## Exercise aim:
Within the listing, each line that has the string "Antibody" should be copied.

## Working data:
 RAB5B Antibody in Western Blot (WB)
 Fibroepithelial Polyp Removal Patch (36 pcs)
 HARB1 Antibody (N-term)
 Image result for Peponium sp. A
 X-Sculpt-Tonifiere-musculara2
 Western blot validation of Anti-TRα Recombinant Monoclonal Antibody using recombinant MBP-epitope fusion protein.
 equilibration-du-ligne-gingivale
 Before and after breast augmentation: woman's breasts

* * *

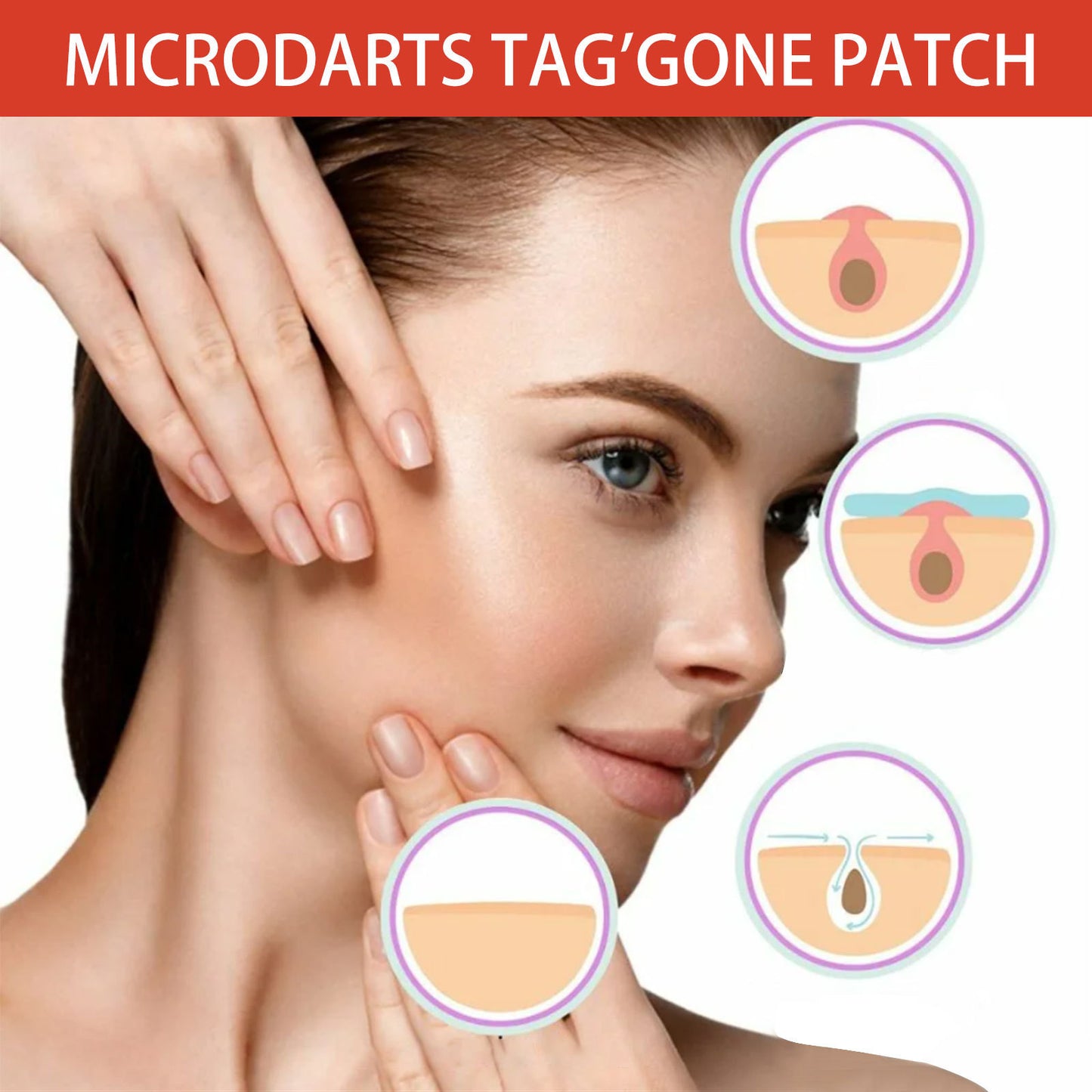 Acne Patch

--

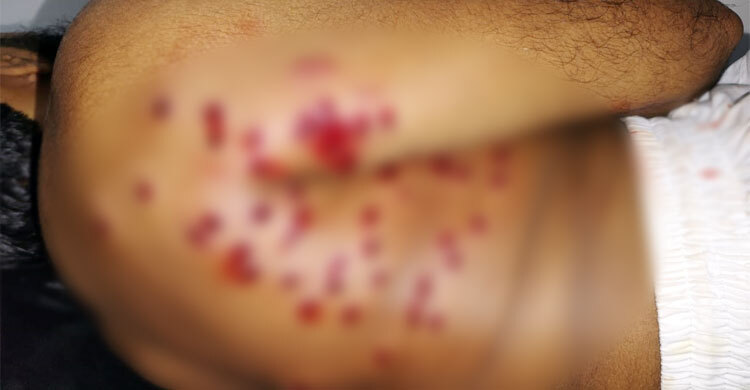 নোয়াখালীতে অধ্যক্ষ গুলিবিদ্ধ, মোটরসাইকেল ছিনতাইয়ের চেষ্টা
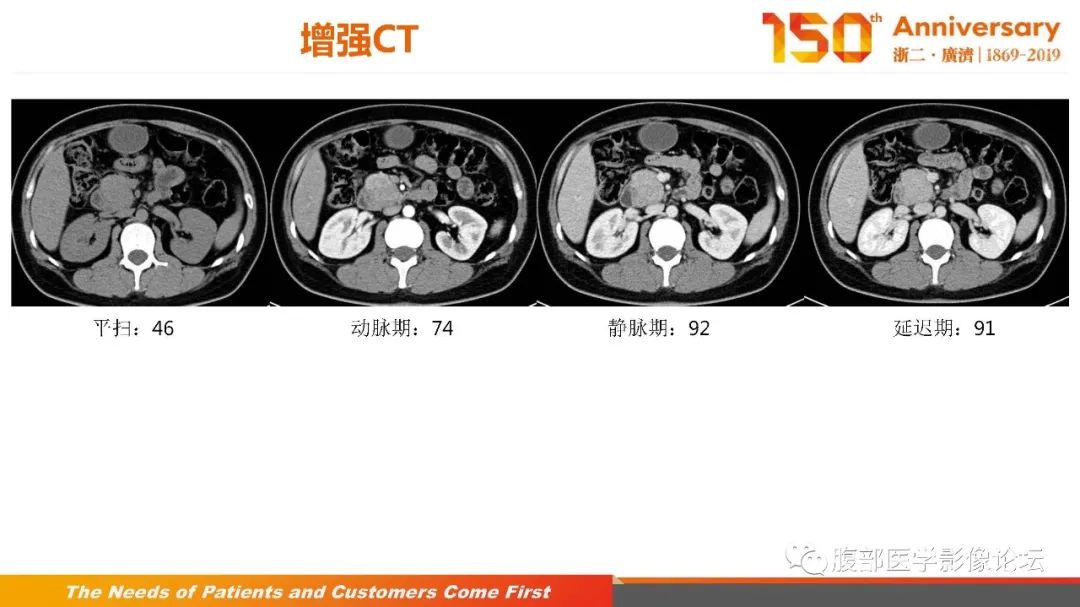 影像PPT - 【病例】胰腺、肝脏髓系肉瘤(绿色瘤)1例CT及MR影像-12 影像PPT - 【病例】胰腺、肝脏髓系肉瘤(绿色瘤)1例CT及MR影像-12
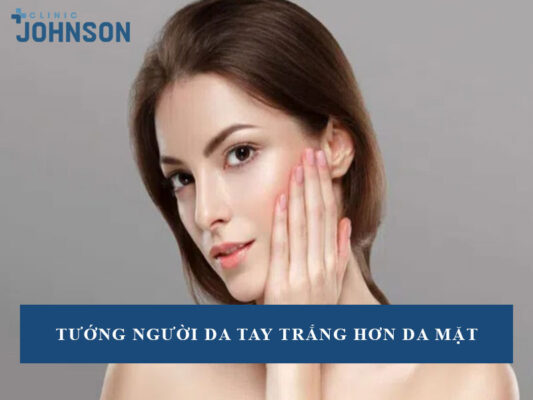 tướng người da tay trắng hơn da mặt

## Answer for the task:
 RAB5B Antibody in Western Blot (WB)
 HARB1 Antibody (N-term)
 Western blot validation of Anti-TRα Recombinant Monoclonal Antibody using recombinant MBP-epitope fusion protein.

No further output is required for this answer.